Im Herbst 2021 nah und fern unterwegs

Die Wandergruppe St. Raphael auf Mittwochstour

SEPTEMBER: Coronabedingt waren die monatlichen Wanderungen der St. Raphael -Wandergruppe mehr als ein Jahr lang ausgefallen. Und so freuten wir uns, dass wir – 27 Teilnehmer – bei schönstem Spätsommerwetter einen neuen Anfang machen konnten.
Der Weg führte am Kanal entlang Richtung Westen bis zu der Stelle, an der letzterer die Leine überquert.  – Abgesehen von dieser Besonderheit hat man von dort einen guten Blick auf die ehemalige Arbeitsstätte von Ferdinand Koch, der uns von den Anfängen seiner Tätigkeit dort bei Riedel – de Haen erzählte.
Wir unterquerten den Kanal und liefen auf der anderen Seite zurück. Parallel zum Uferweg ist in diesem Bereich noch die Breite (oder genauer: die Enge) des ursprünglichen Kanals vor seiner Erweiterung Ende der 90er Jahre zu erkennen, da hier ein Stück des ehemaligen gegenüber liegenden Ufers stehen gelassen wurde.
An der Stelle, wo der Kanal den Wirtschafts- und Wanderweg in die Masch hinein überquert, verließen wir den Uferweg. Eigentlich war geplant, dass wir noch ein Stück in der Masch weitergehen. Aber es war inzwischen sehr warm geworden und wir waren recht langsam gelaufen. Wir waren das Wandern wohl nicht mehr gewöhnt!!  So kürzten wir die Wanderung ab und steuerten zum gemeinsamen Mittagessen das neue „Ibrahim“ – Restaurant am Mühlenbergsweg an.
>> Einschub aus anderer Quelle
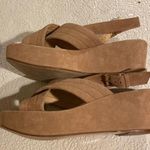 J.Crew Marcie Tan Suede Criss Cross Wedge Sandals 8 Beautiful Shoes. Photo 2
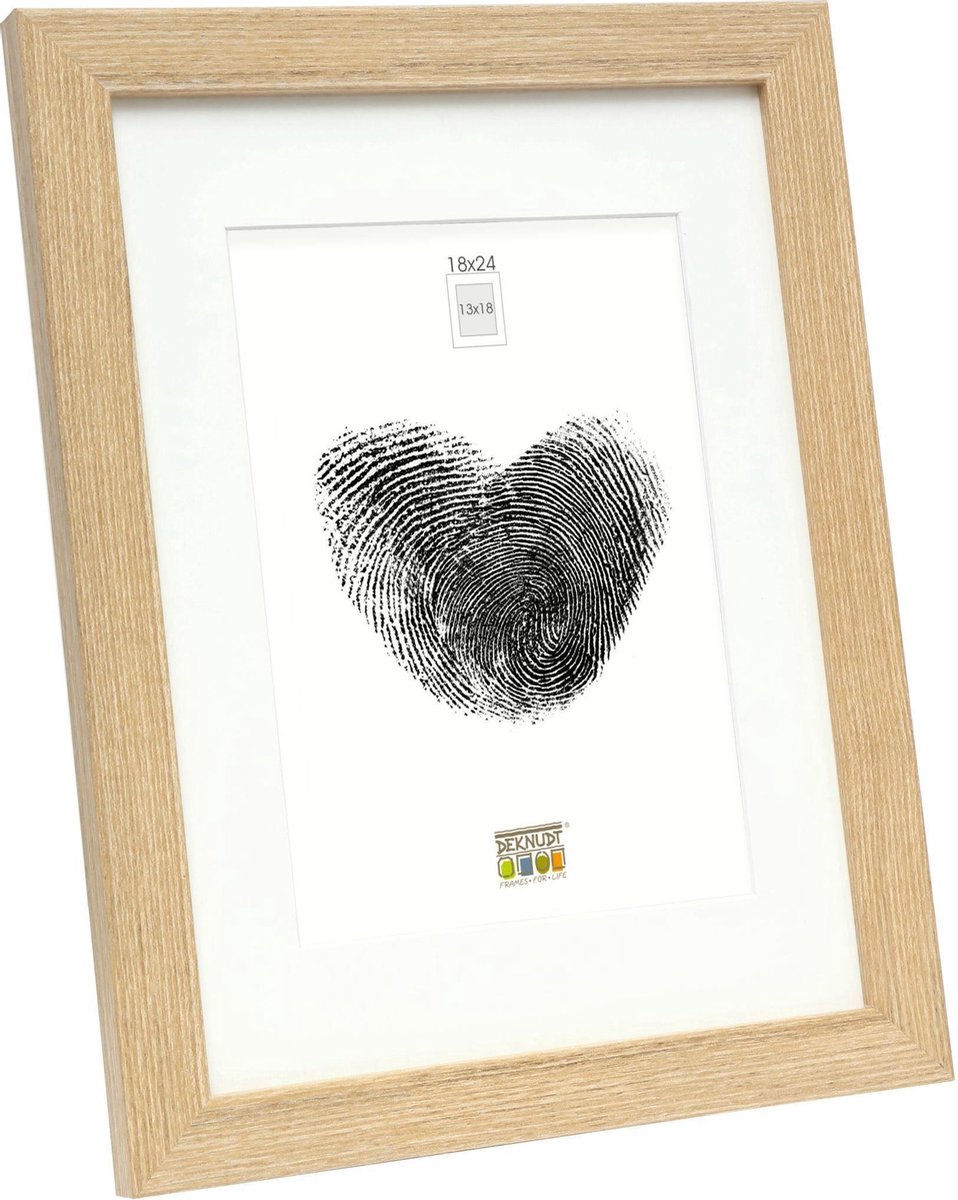 Deknudt Frames fotolijst - naturel - passe-partout - 13x18 18x24 cm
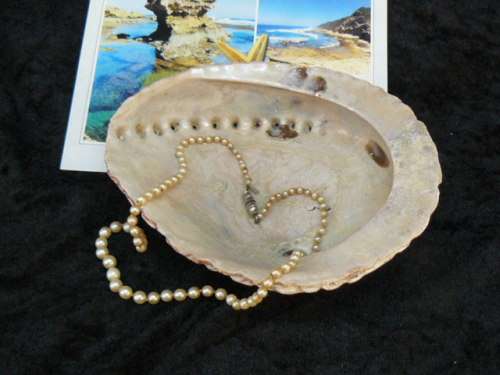 FOUX PEARL NECKLACE 40 CM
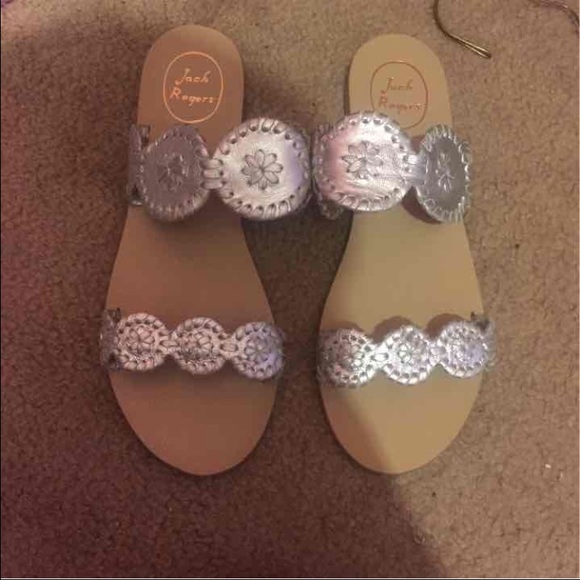 Jack Rogers Shoes - Silver jack Rogers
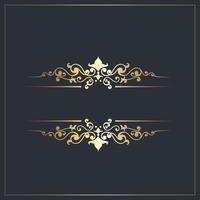 Decorative background with gold ornamental details  vector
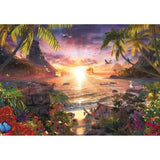 Puzzle 18000 pieces Paradis au soleil couchant, Ravensburger, Pour adulte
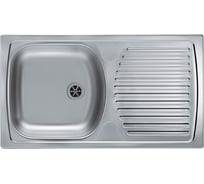 Мойка ALVEUS BASIC 170 NAT-60 780х435 мм, 1X в комплекте с сифоном 1011717 1083404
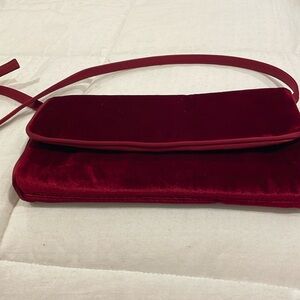 Velvet bag used once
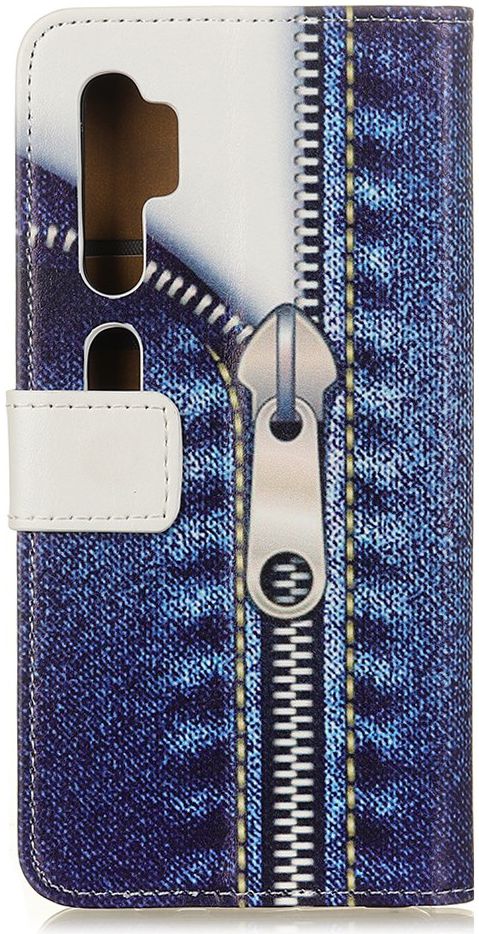 Xiaomi Mi Note 10 (Pro) Portemonnee Hoesje Print Blauw afbeelding 3
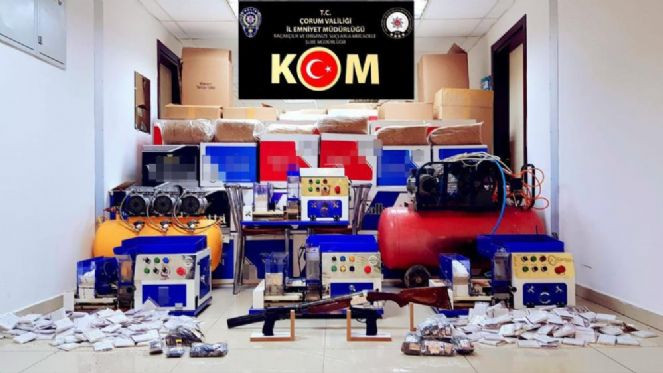 Yılbaşı üzeri kaçak sigara baskını - Resim : 1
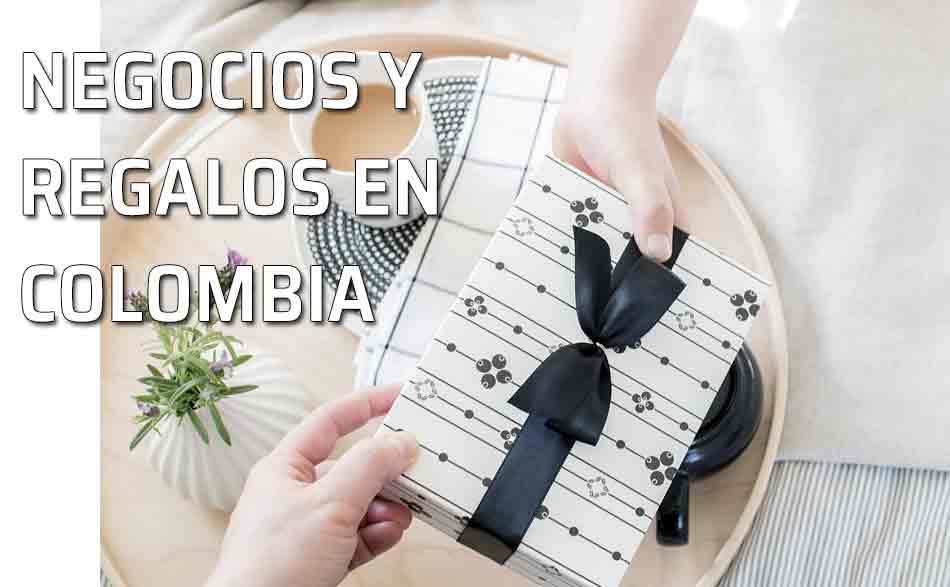 Negocios y regalos Colombia. Entrega un regalo. Regalos en Colombia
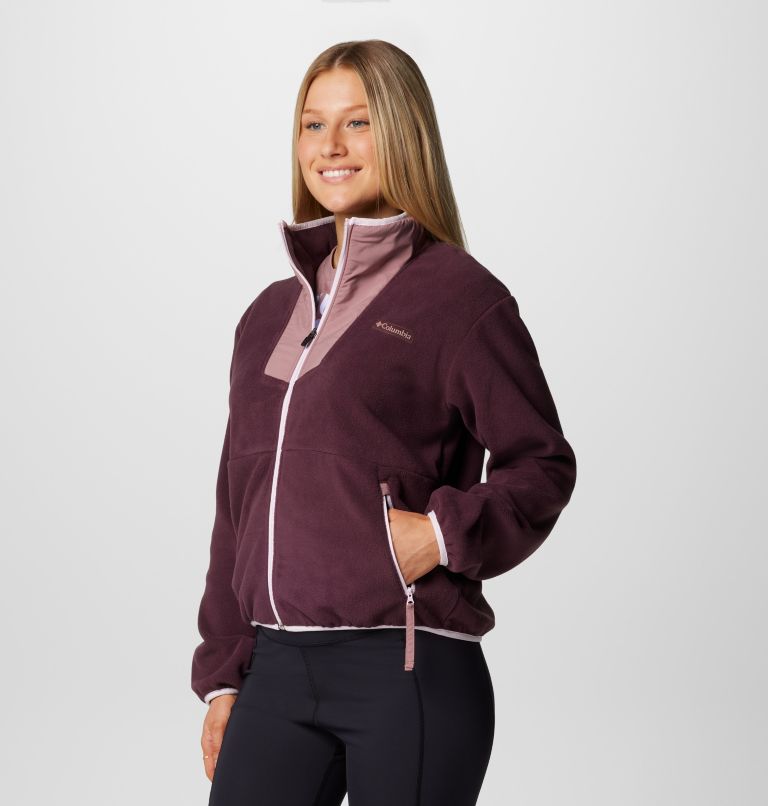 Burgundy Women Columbia Sequoia Grove™ Fleece Jackets | 64359280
OKTOBER: Auch diese Wanderung  fand in der näheren Umgebung statt.  – Auch diesmal schien die Sonne; aber es war bereits herbstlich kühl.
Wir wanderten auf der Südseite des Kanals in östlicher Richtung und bogen vor der Schnellstraße zur Pascalstraße hin ab. Dann folgte ein Stück, das nicht allen bekannt war: die Parkanlage im Wissenschaftszentrum Marienwerder. Wir fragten uns angesichts der regen Bautätigkeit dort, wie lange es dieses schöne Stück Grünland wohl noch geben wird.

Nach dem Überqueren der Garbsener Landstraße kamen wir wieder in bekannte Gefilde: in den Hinüberschen Garten und später in die Leinemasch.
Sowohl das gemeinsame Laufen als auch das Essen in Restaurant „Athen“ haben uns gutgetan. 
Danach verabschiedete sich ein größerer Teil der Wandergruppe nach Hause; ein kleiner Teil zog zu Fuß zurück nach St. Raphael, dem eigentlichen Ausgangspunkt der Wanderung.  Barbara Wierse

 

Der JCG unterwegs: Die Berge rufen

50 Jahre Junge Christen Garbsen. Anlass genug, statt der traditionellen Wochenend-Städtefahrt eine Woche nach Südtirol zu fahren. Da die Skifreizeit in Natz coronabedingt 2x ausfallen musste, entschied sich das Reiseteam um Andreas und Angelika Christoph, sowie Albrecht und Astrid Haller, die seit 40 Jahren bewährte Pension „Schirmerhof“ der Familie Huber mit 55 Personen im Alter von 0-84 Jahren nun im Herbst zu füllen.

Morgens um 5.30h ging es nach dem Reisesegen in Havelse los. Die 14 stündige Anreise machte allen wenig aus. Gut organisierte Picknickplätze mit ausreichend Zeit zur Entspannung erhöhte die gute Laune. Busfahrer Claus fuhr souverän durch die vielfältige serpentinengespickte Berglandschaft Südtirols. Der Höhepunkt der Reise war die große Dolomitenrundfahrt mit fachkundiger Begleitung einer Ladinerin, die viel von der Geschichte Südtirols zu berichten wusste. 5 Pässe wurden überquert und man kam aus dem Staunen über die beeindruckende Landschaft des Weltkulturerbes kaum heraus.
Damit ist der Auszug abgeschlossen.